I felt a hand's tininess on my wrist. 'Perhaps you would do me the honor of calling to take tea and refreshment at some time.' Mrs. Johnson smiled, holding my gaze only as long as was needed to communicate something. I shivered slightly, nodding. Mrs. Johnson excused herself and moved off, turning heads and parting crowds, radiating some kind of authority that had nothing to do with power or connection or the ability to harm.

I hitched up my shorts, which tended even then to sag.

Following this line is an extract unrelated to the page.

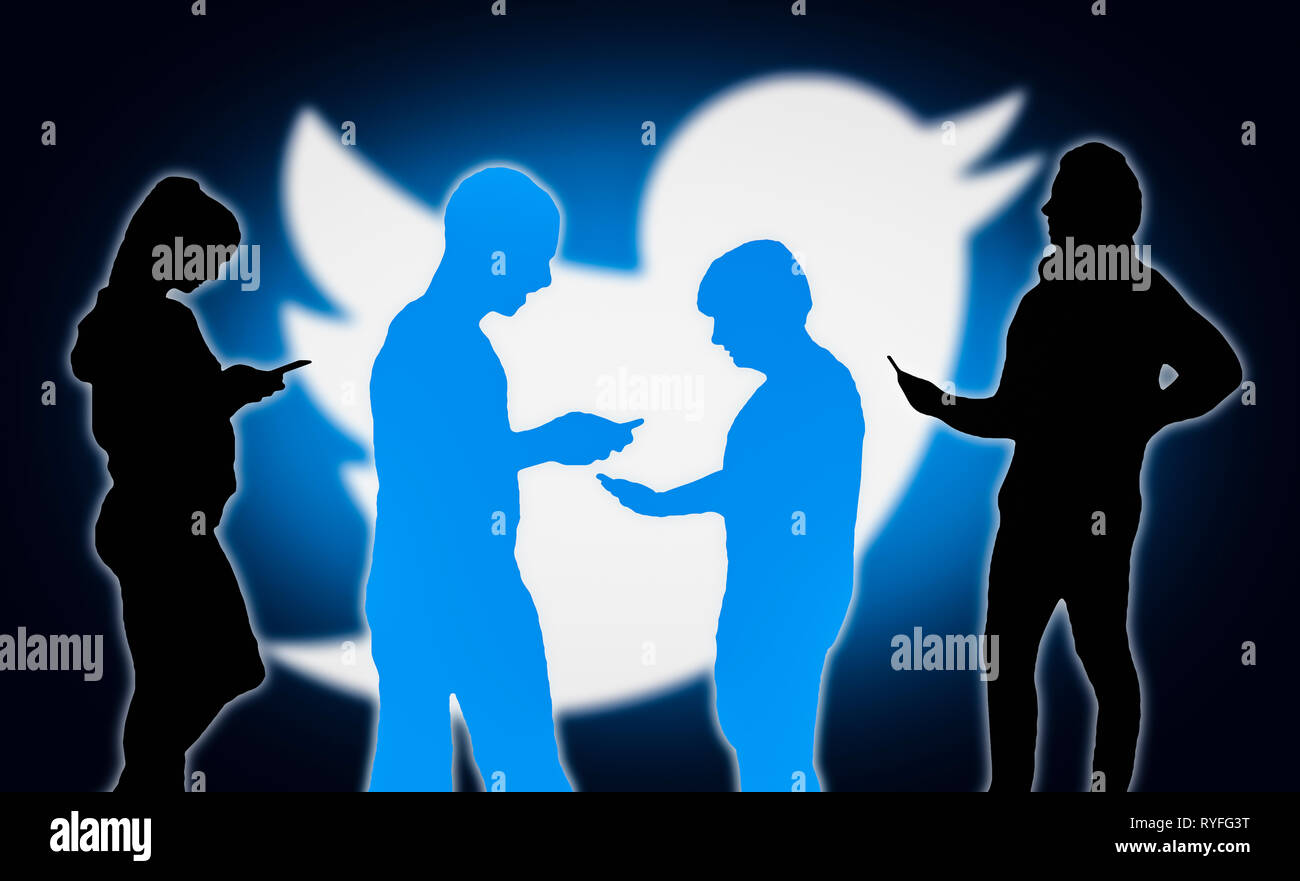 Sagome di un gruppo di persone con dispositivi mobili utilizzando l'applicazione Twitter. Foto Stock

'Quit mooning around and go get you some barbecue!' Lyndon shouted in my ear, tearing at an ear of corn, stomping.

Lyndon had his second serious and first secret coronary in 1962. I was driving him home from the office, late. We moved east through Washington and toward his private ocean-side home. He began gasping in the passenger seat. He couldn't breathe properly.

The nasal inhaler had no effect. His lips blued. Mr. Kutner of the Secret Service and I had a hard time of it even getting him into the house.

Lady Bird Johnson and I stripped Lyndon down and massaged his bypass-scarred chest with isopropyl alcohol. Lyndon had wheezed that this usually helped his breathing. We massaged him. He had the sort of tired, bulblike breasts old men have.

His lips continued to cyanidize. He was having his second serious coronary, he gasped. Lady Bird massaged him all over. He refused to let me ask Kutner to call an ambulance. He wanted no one to know. He said he was the Vice President. It took Lady Bird's veto finally to get him to Bethesda Naval in a black-windowed Service sedan. Kutner ignored traffic lights. It took both Lady Bird's hands to hold Lyndon's hand as he fought for breath and clutched his shoulder. He was plainly in great pain.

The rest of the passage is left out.